Making Data Lakehouse Real on Azure

Pradeep Menon
7 min readMar 15, 2021

--

In the article, Making Data Lakehouse real…yet effective, the concept of Data Lakehouse was introduced. Its Architectural paradigm was discussed and the components that weave the Architecture together were explained.

In this follow-up article, the Data Lakehouse Architecture will be fruition using Microsoft Azure services.

This article will explain various Azure services that will fit into different components of the Data Lakehouse Architecture.

Data Lakehouse Conceptual Architecture

As a recap in the precursor article, the conceptual Data Lakehouse Architecture was introduced. The seven components that form the conceptual Data Lakehouse Architecture are as follows:

  1. Data ingestion services: The components to get the data in.
  2. Data Lake Stores: The components that store the data effectively.
  3. Serving Data Stores: The components that serve the data effectively.
  4. Data processing services: The components that process the data.
  5. Data cataloging and curation services: The components that prevent the data lakes from becoming a swamp.
  6. Data security services: The components that secure the data in the Lakehouse.
  7. Analytics services: The components that help to transform data into insights.

The Architecture depicted above is an evolving Architecture. These components satisfy specific functionality and are guided by key architectural principles that make this architectural pattern effective.

These components, when realized for deployment can manifest in many products. Let us zoom into the Azure cloud services that can fruition this Architecture into a reality.

Data Lakehouse on Azure

Cloud services innovate rapidly, and Microsoft’s Azure services are no exception. The figure above maps the current and most apt Azure services that fruition the Data Lakehouse Architecture. Let us investigate each of the components.

1. Data ingestion services

Azure Data Factory (ADF) is the preferred Azure service that one can use to ingest data. It is a fully managed, serverless data integration solution for consuming, preparing, and transforming all your data at scale. ADF can use this service to ingest data from multiple data sources into the cloud. ADF supports 90+ data sources out-of-the-box through well-integrated connectors. ADF is a platform-as-a-service implying that it has built-in HA, can scale on-demand, and the infrastructure layer is abstracted from the user.

2. Data Lake Stores

Azure Data Lake Storage (ADLS) is the preferred service to be used as the Data Lake store. ADLS has enterprise-grade features including durability (16 9s), mechanisms for protection across data access, encryption, and network-level control, and, in theory, provides limitless scale. ADLS is also optimized to store big data implying that it can store any data (structured and unstructured) and offers integration with visualization tools for standard analytics. ADLS can also store data in Delta Lake format. Delta Lake is an open format storage layer that delivers reliability, security, and performance on the data lake — for both streaming and batch operations. Providing support for ACID transactions and schema enforcement is another salient feature of Delta Lake. With the support for the ACID transactions, Delta Lake provides the reliability that traditional data lakes lack.

3. Serving Data Stores

Serving data stores can serve multiple purposes. The technologies employed to perform the data depend on how the data needs to be served, the audience to which it is served, and the underlying non-functional requirements that satisfy the users.

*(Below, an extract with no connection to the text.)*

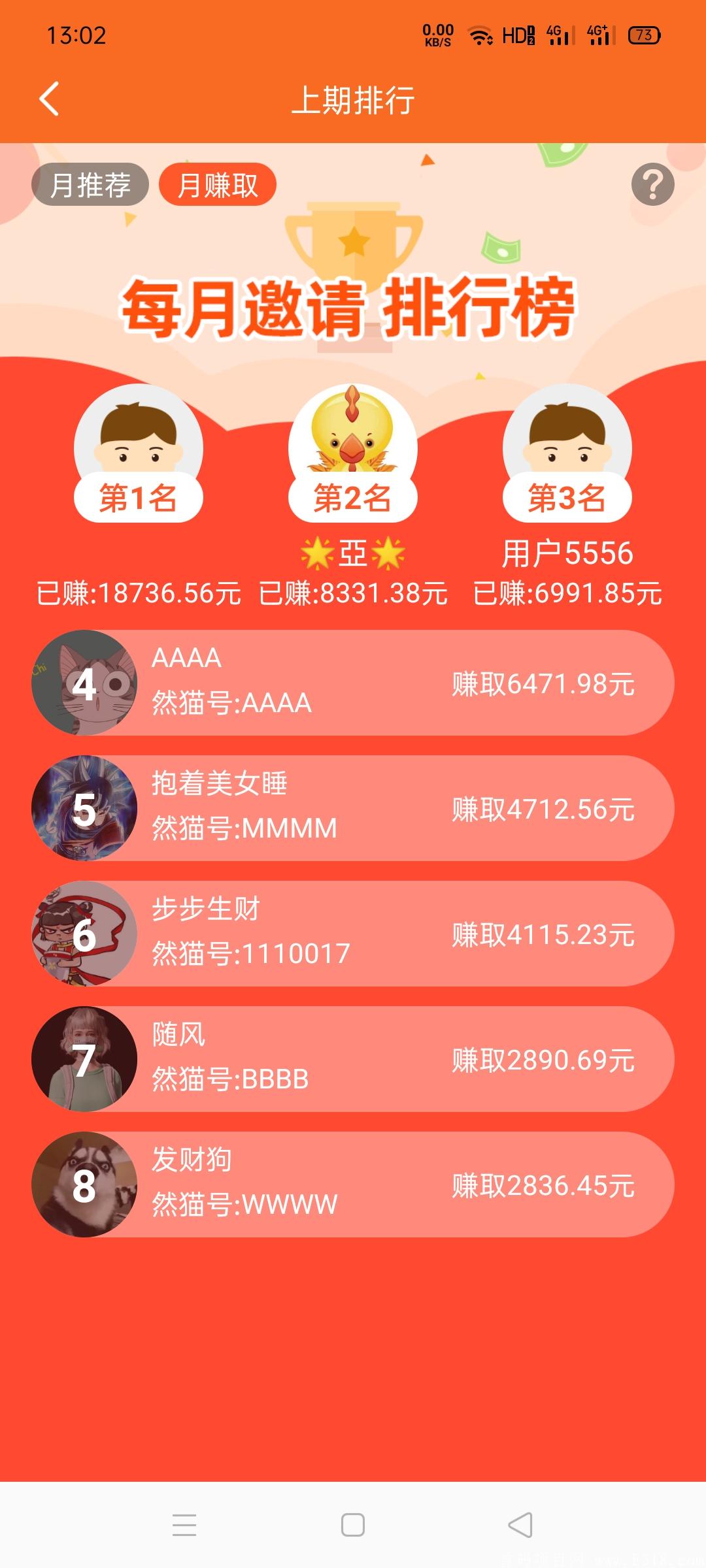 首码，然猫云商，云端创业轻松赚钱app火爆上线了！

Azure Synapse, massively parallel processing (MPP), SQL-based engine is apt for Data Warehouse-like serving layers. Azure Synapse has a broad range of capabilities that range from being a Data Warehouse, to running Big data processing using Spark, and providing BI and AI capabilities out-of-the-box. However, its key function remains to be a Data Warehouse that is optimal for reporting and SQL-based queries.

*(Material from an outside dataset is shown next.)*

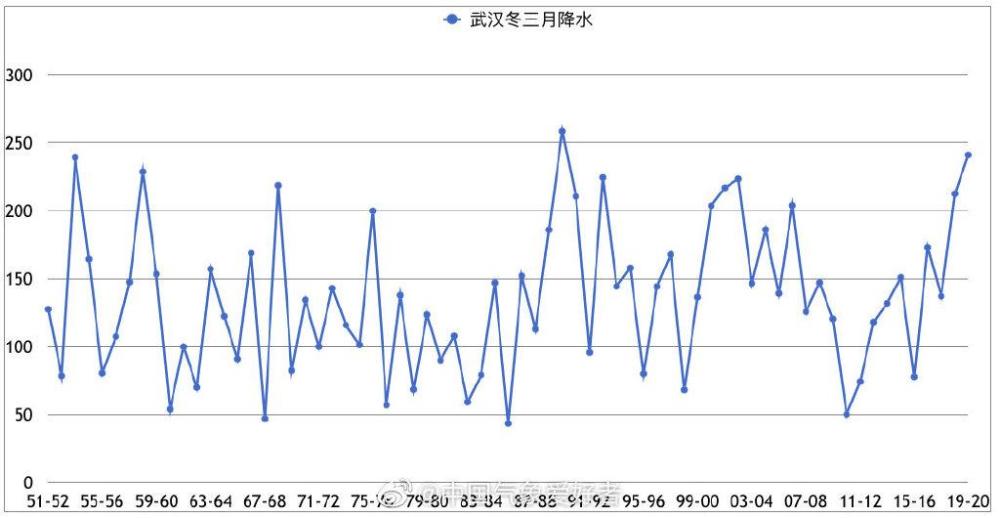 武汉迎来最水冬天,江南一带气候要变?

If the data needs to be stored and served in real-time, and it requires an API-based interface then Cosmos DB serves as an apt candidate to serve such data.

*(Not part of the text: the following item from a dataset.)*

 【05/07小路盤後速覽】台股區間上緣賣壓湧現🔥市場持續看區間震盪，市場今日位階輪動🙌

4. Data processing services

The data processing services entail two types of processing. The first type is batch-based processing that processes the data in spurts of batches. The second type is stream processing that processes the data without landing it on the disk, i.e., real-time. There are five key processing engines in Azure that help to process data.

Databricks is a company co-founded by the creators of Spark. Microsoft tightly collaborated with them and created Azure Databricks. Azure Databricks is a cloud-based powerful data processing engine that delivers Spark’s strengths, a unified developer experience, and the ability to process data at scale. Azure Databricks, as I like to call it, is Spark on steroids. The enhancements made to the Databricks Runtime have made it up to 10x faster than open-source Apache Spark™. It leverages Azure Data Lake Storage to process both streaming and batch data at scale with almost zero maintenance. Azure Databricks is scalable, reliable, with millions of server hours running per day and processing exabytes of data every month across over 30 Azure regions. Azure Databricks also can process streaming data as well by making use of Apache Spark’s structured streaming architecture.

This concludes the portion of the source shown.